• [AIM OF THE TASK]:
Exact copy, no pictures: return only the lines below from the line with "Синоптики уточнили прогноз" up to and including the line with "Black Beauty Eggplant".
(INFORMATION GIVEN)
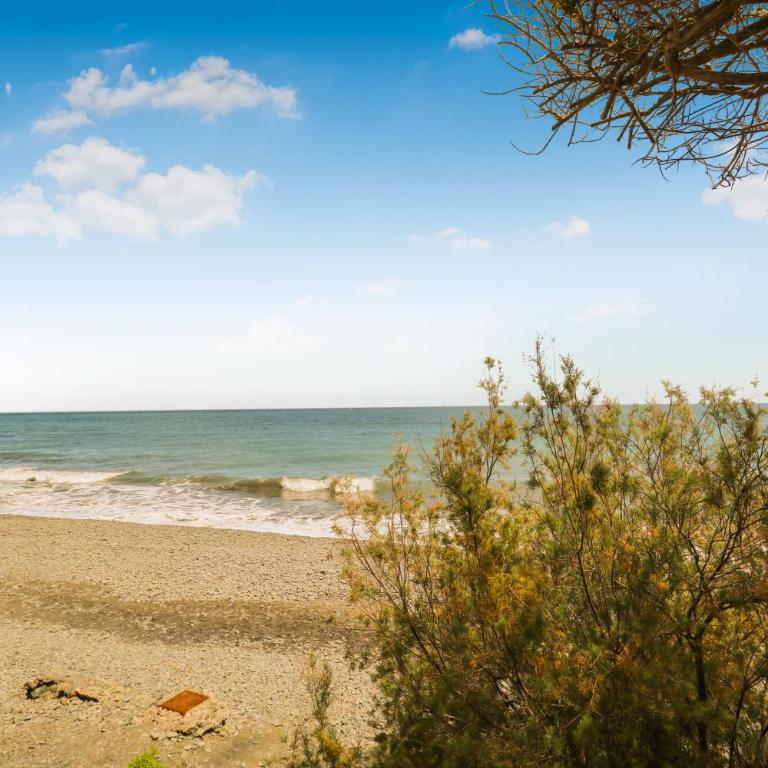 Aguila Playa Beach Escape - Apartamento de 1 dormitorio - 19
(End INFORMATION GIVEN)
(INFORMATION GIVEN)
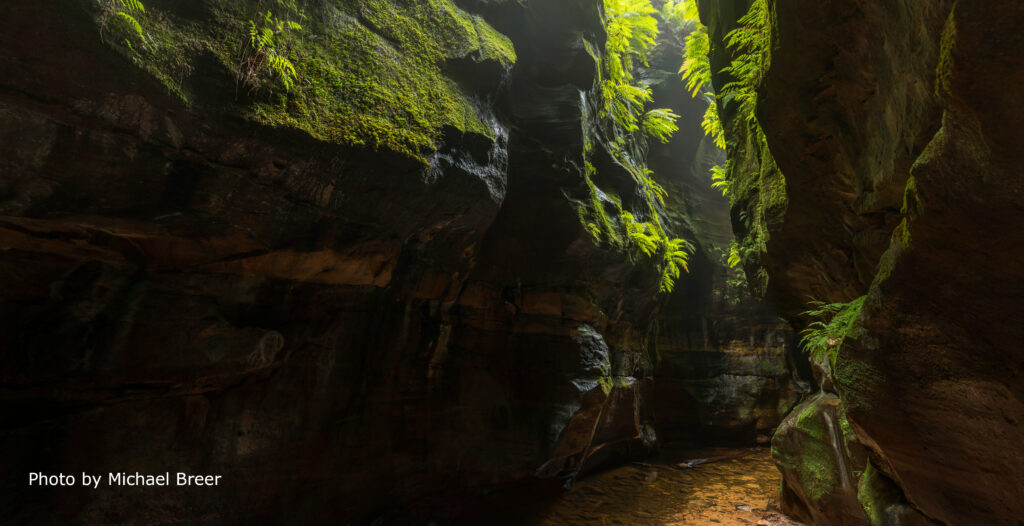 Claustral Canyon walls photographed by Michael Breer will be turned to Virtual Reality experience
(End INFORMATION GIVEN)
(INFORMATION GIVEN)
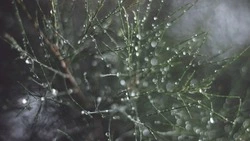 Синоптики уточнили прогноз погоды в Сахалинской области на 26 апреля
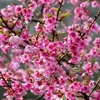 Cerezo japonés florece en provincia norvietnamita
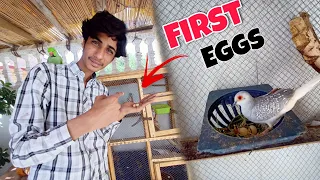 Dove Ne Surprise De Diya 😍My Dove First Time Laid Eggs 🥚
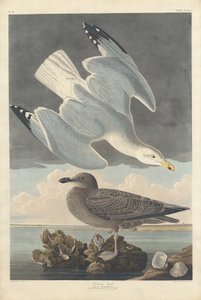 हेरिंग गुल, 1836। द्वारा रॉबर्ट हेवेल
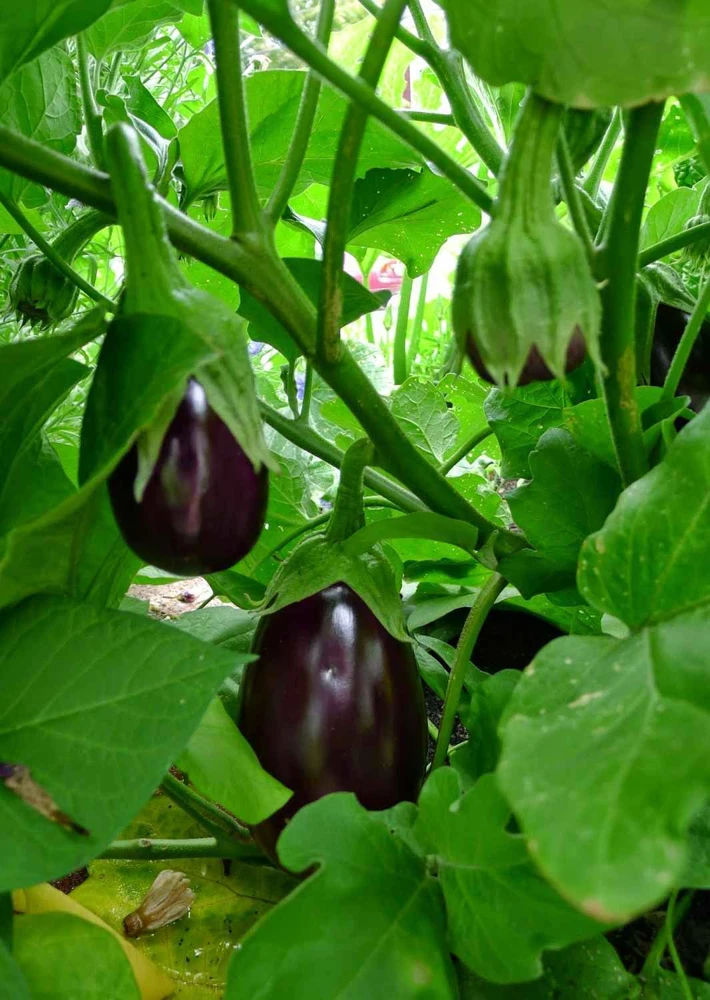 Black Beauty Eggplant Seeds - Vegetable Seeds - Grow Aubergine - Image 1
(End INFORMATION GIVEN)
• [ANSWER TO THE PROBLEM]:
 Синоптики уточнили прогноз погоды в Сахалинской области на 26 апреля
 Cerezo japonés florece en provincia norvietnamita
 Dove Ne Surprise De Diya 😍My Dove First Time Laid Eggs 🥚
 हेरिंग गुल, 1836। द्वारा रॉबर्ट हेवेल
 Black Beauty Eggplant Seeds - Vegetable Seeds - Grow Aubergine - Image 1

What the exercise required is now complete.